- Given data
● ● ●

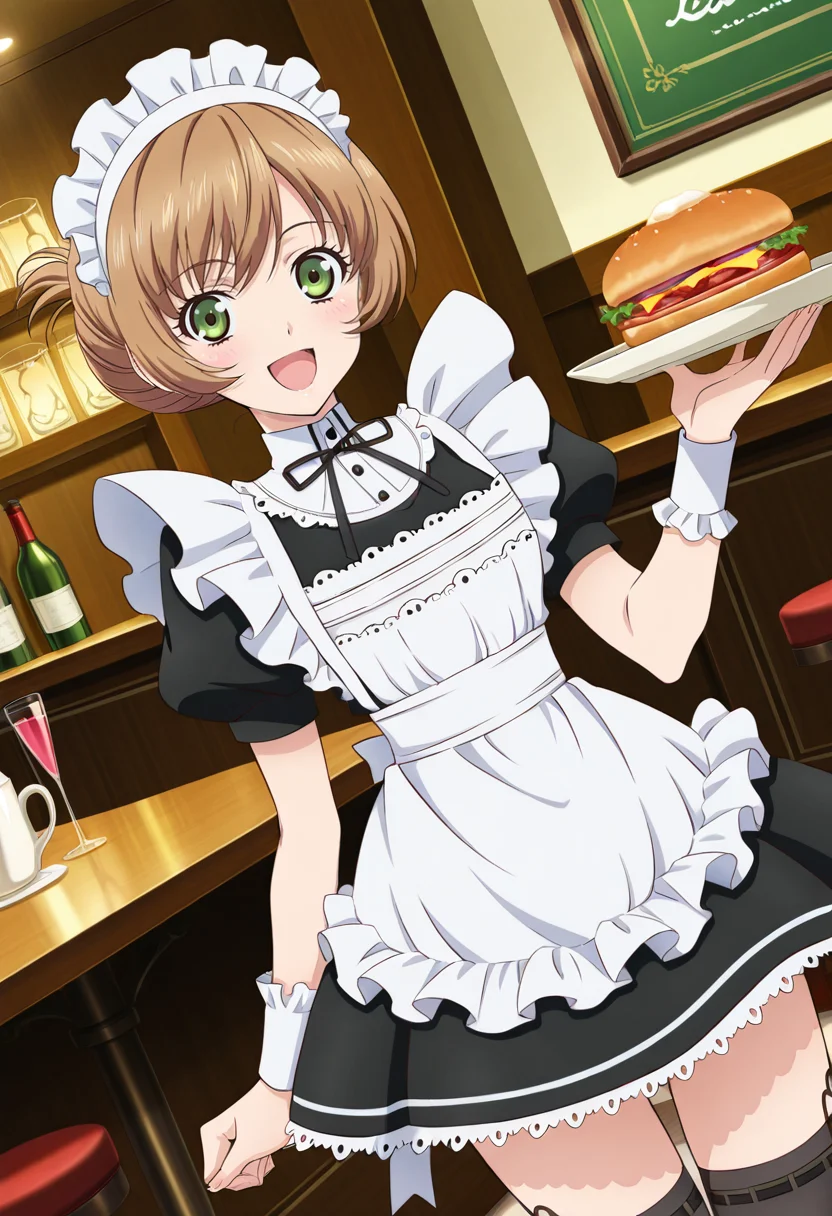 restaurant, indoor,
BREAK,
open smile, holding foods, looking sideways,
cowboy shot, dynamic angle,
BREAK,
<lora:leiax2_illustriousXL_v01:0.9>
leiarnd, leiamaid, maid, short dress, puffy sleeves, short sleeves, apron, brown hair, green eyes, bob cut, short hair, black thighhighs, black mary janes,, source_anime, very aesthetic, anime coloring, masterpiece,
best quality, amazing quality, ultra detailed, very aesthetic,
detailed background,
BREAK,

● ● ●

- What is needed
What lines of the data include the word "very"? Copy each of them.

- Finished task
leiarnd, leiamaid, maid, short dress, puffy sleeves, short sleeves, apron, brown hair, green eyes, bob cut, short hair, black thighhighs, black mary janes,, source_anime, very aesthetic, anime coloring, masterpiece,
best quality, amazing quality, ultra detailed, very aesthetic,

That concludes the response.